Data for review:

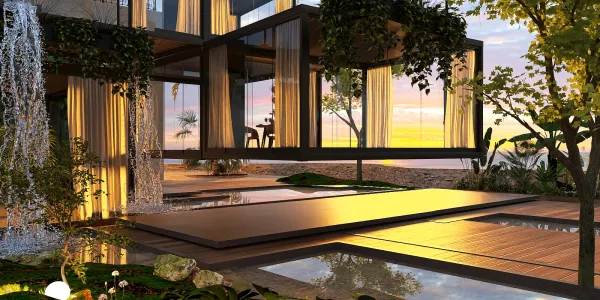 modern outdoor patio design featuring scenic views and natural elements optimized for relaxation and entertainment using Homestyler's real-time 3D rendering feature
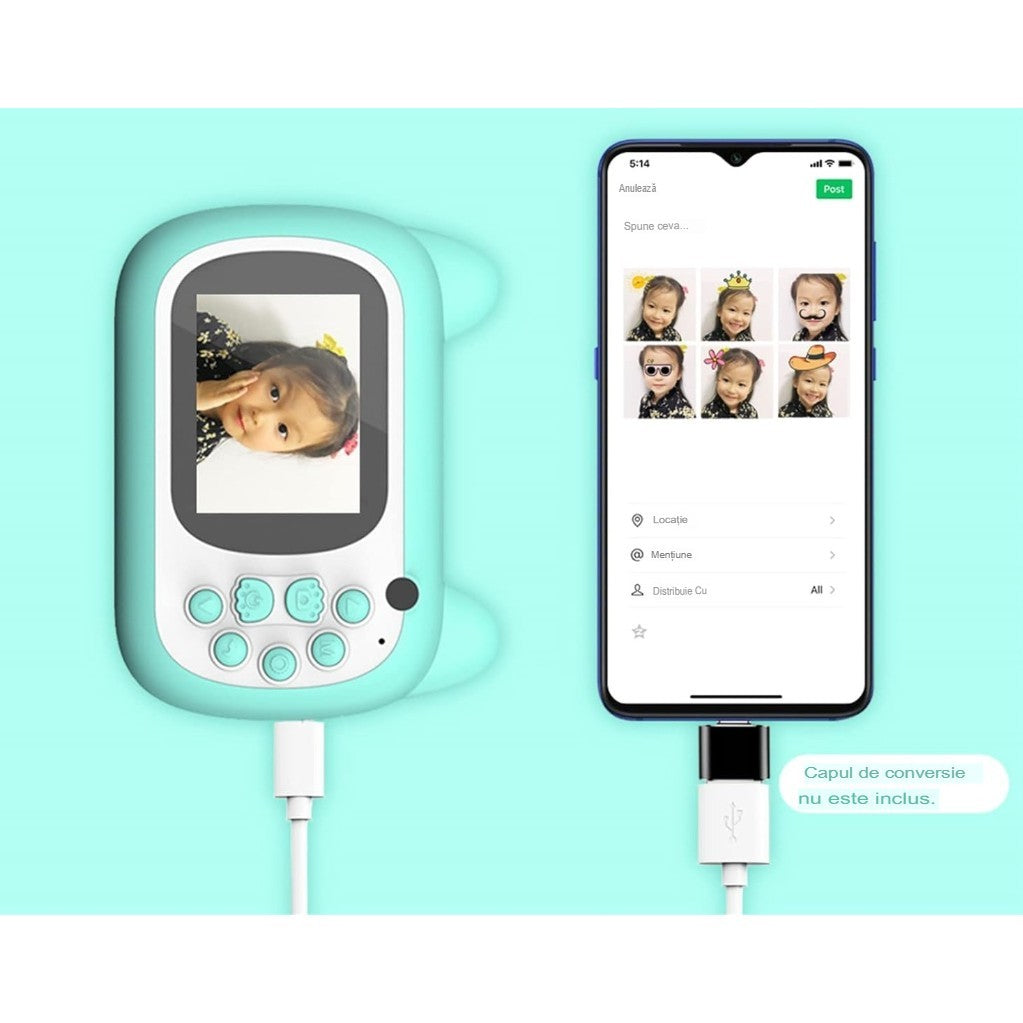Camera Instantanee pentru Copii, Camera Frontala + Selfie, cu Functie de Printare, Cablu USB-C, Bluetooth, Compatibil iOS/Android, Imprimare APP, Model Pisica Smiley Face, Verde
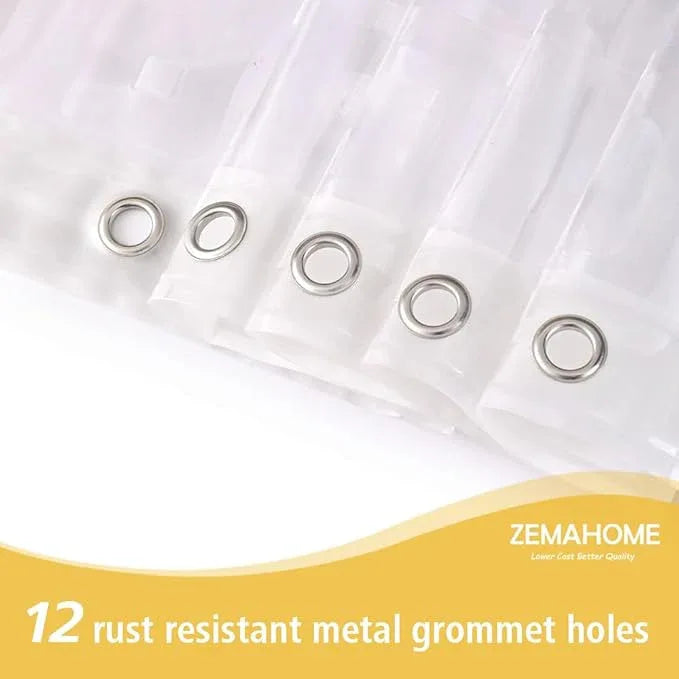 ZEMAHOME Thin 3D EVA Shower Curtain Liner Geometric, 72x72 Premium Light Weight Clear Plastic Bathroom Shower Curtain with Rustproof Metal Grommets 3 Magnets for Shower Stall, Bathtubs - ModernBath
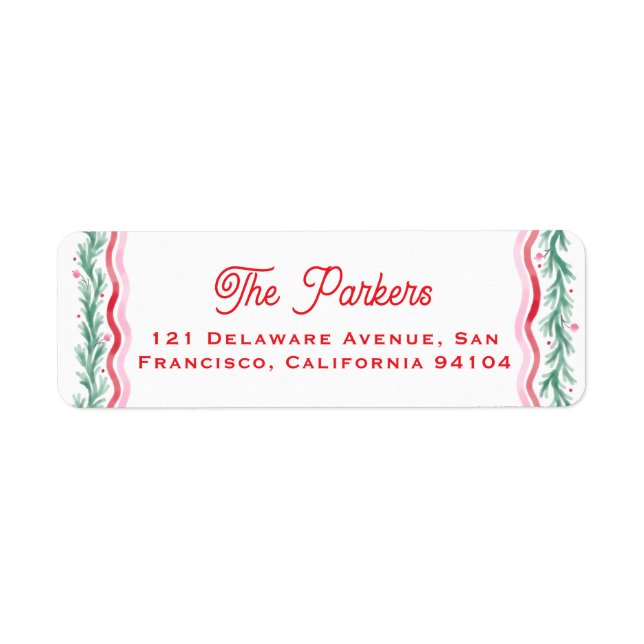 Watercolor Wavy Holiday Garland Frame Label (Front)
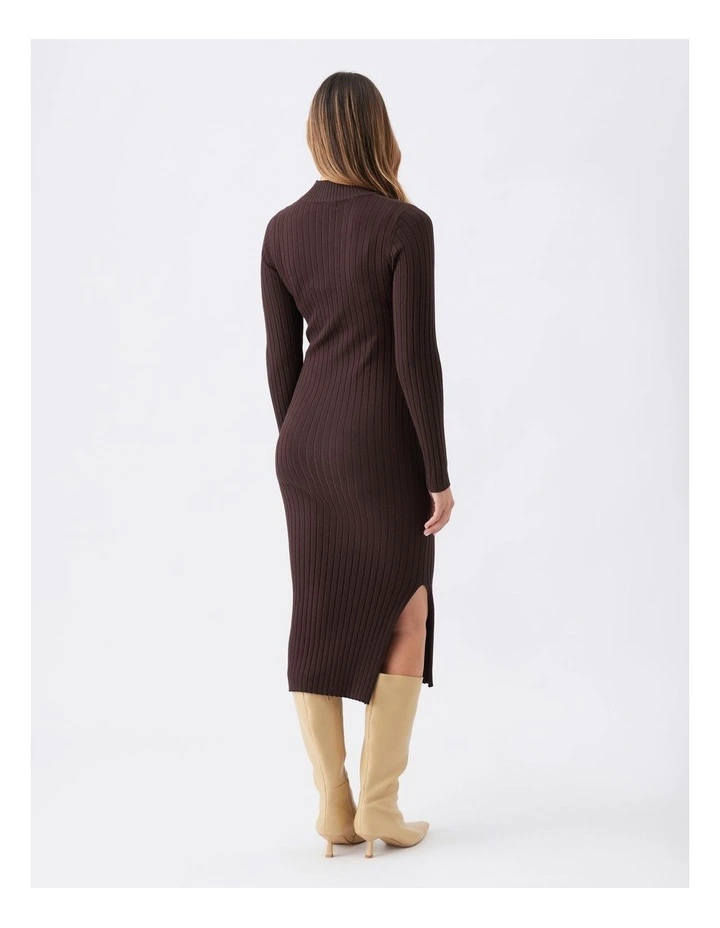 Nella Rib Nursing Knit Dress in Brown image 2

---

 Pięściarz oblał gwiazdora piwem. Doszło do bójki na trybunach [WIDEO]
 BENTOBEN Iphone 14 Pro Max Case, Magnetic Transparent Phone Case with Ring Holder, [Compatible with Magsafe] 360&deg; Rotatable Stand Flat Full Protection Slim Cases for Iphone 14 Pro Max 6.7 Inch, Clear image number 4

* * *

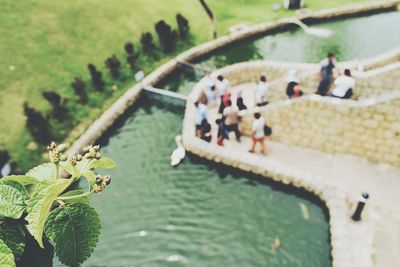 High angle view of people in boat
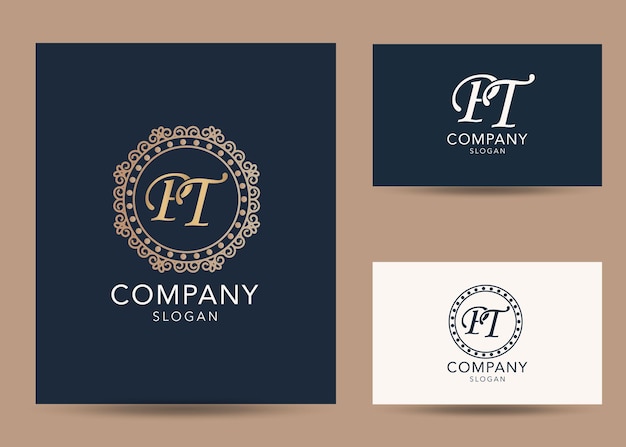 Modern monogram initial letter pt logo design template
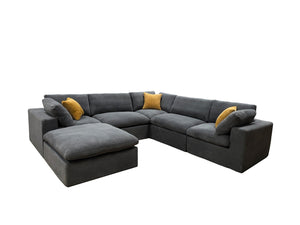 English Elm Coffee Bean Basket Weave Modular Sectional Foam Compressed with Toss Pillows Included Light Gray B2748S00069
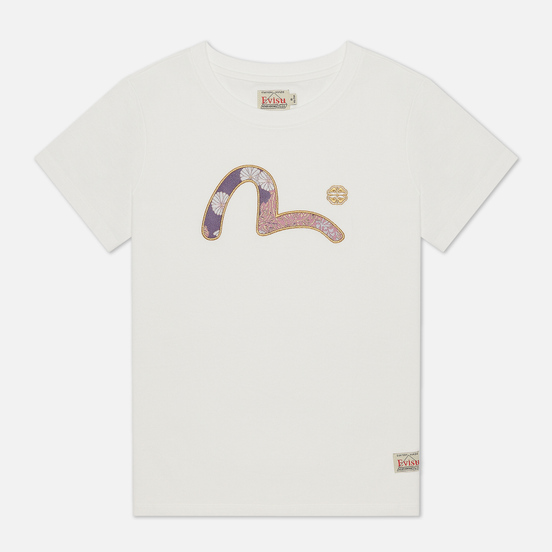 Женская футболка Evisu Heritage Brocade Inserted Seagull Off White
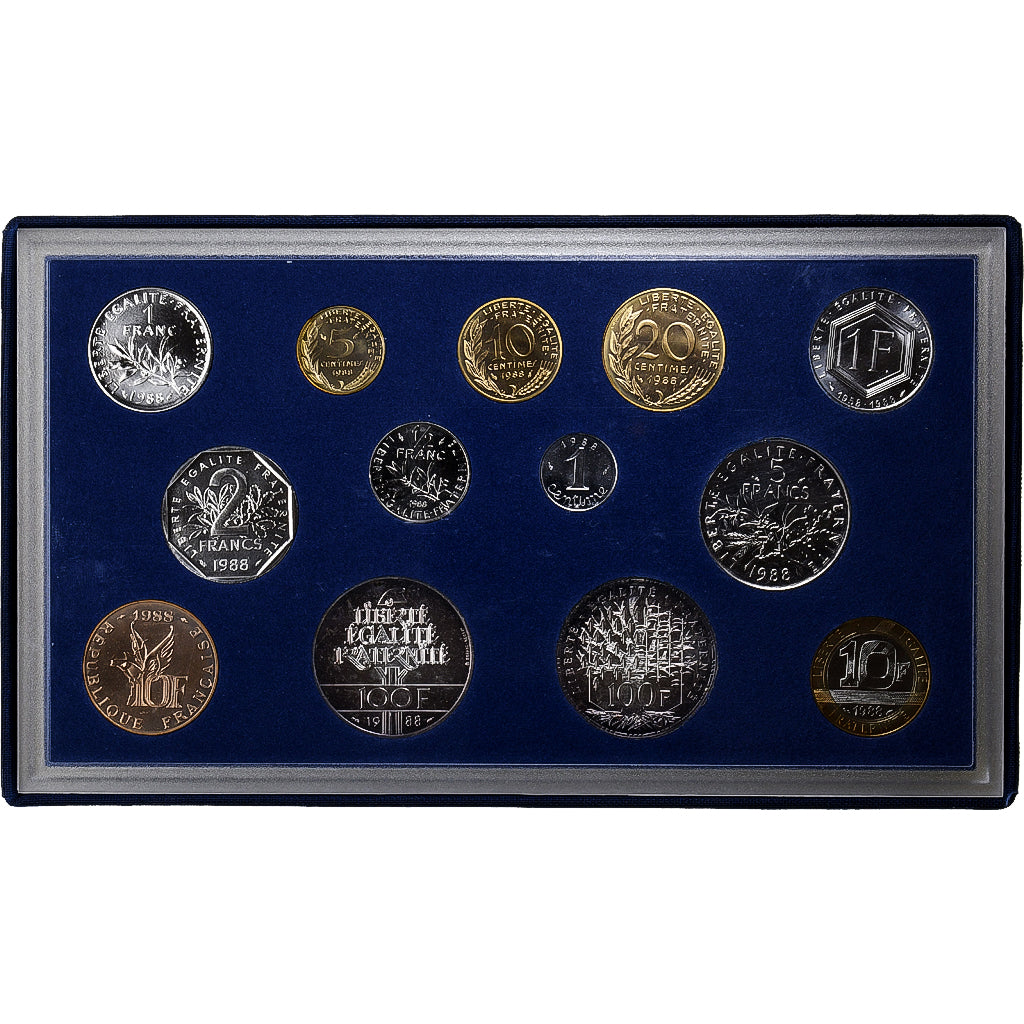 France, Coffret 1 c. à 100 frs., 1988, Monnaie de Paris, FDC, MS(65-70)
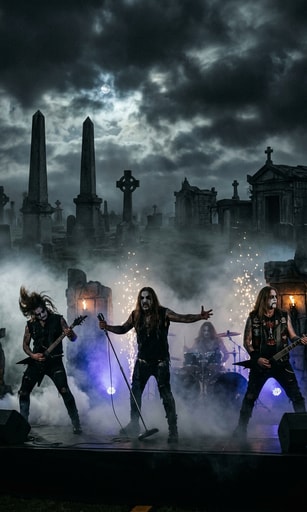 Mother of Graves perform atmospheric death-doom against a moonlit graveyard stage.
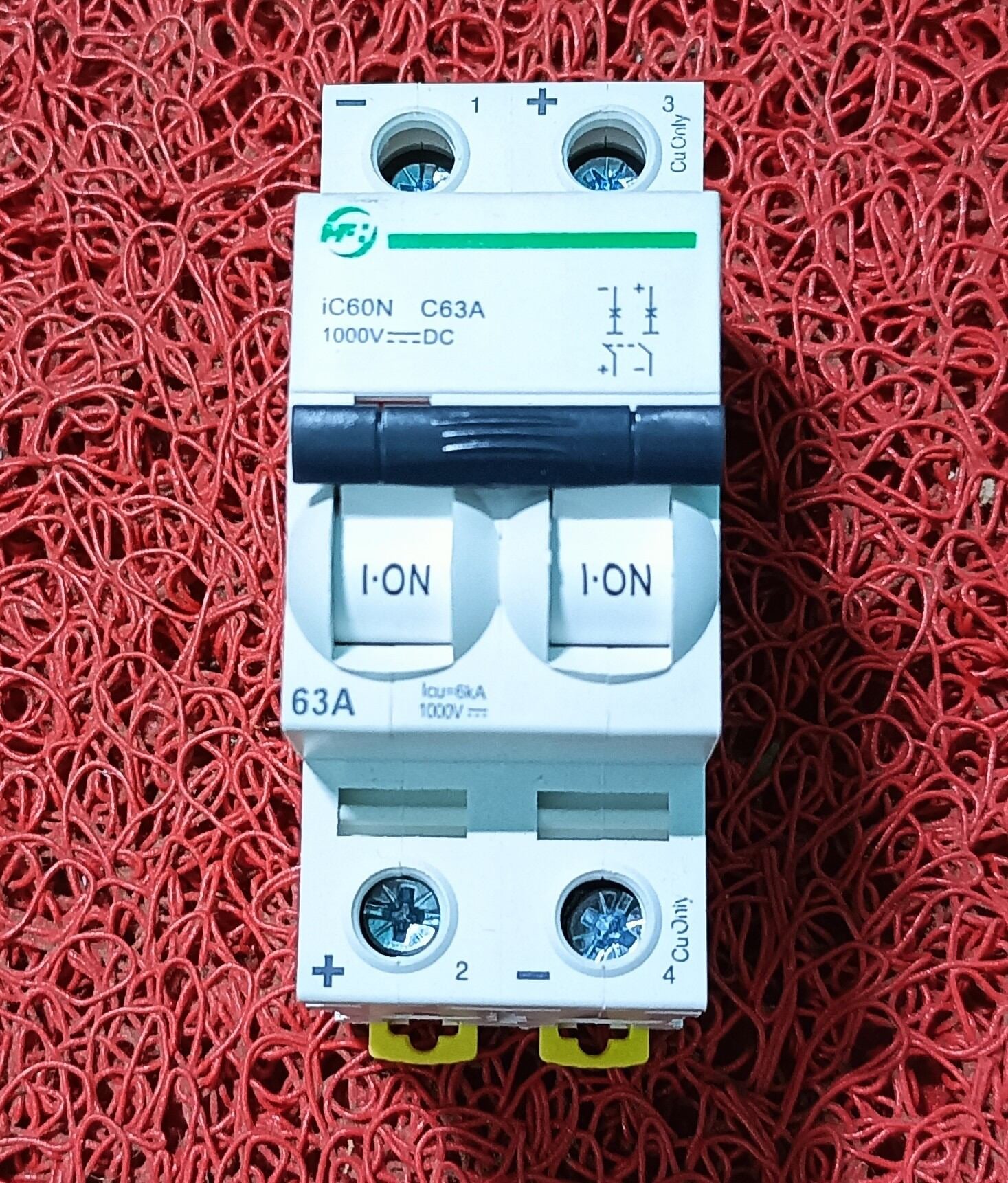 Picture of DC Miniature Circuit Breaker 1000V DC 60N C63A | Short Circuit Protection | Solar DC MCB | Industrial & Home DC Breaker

Task prompt:
Above are the records; return the lines in them from the one with "English Elm Coffee" to the one with "Picture of DC", inclusive, exactly and without images.

Answer to the exercise:
 English Elm Coffee Bean Basket Weave Modular Sectional Foam Compressed with Toss Pillows Included Light Gray B2748S00069
 Женская футболка Evisu Heritage Brocade Inserted Seagull Off White
 France, Coffret 1 c. à 100 frs., 1988, Monnaie de Paris, FDC, MS(65-70)
 Mother of Graves perform atmospheric death-doom against a moonlit graveyard stage.
 Picture of DC Miniature Circuit Breaker 1000V DC 60N C63A | Short Circuit Protection | Solar DC MCB | Industrial & Home DC Breaker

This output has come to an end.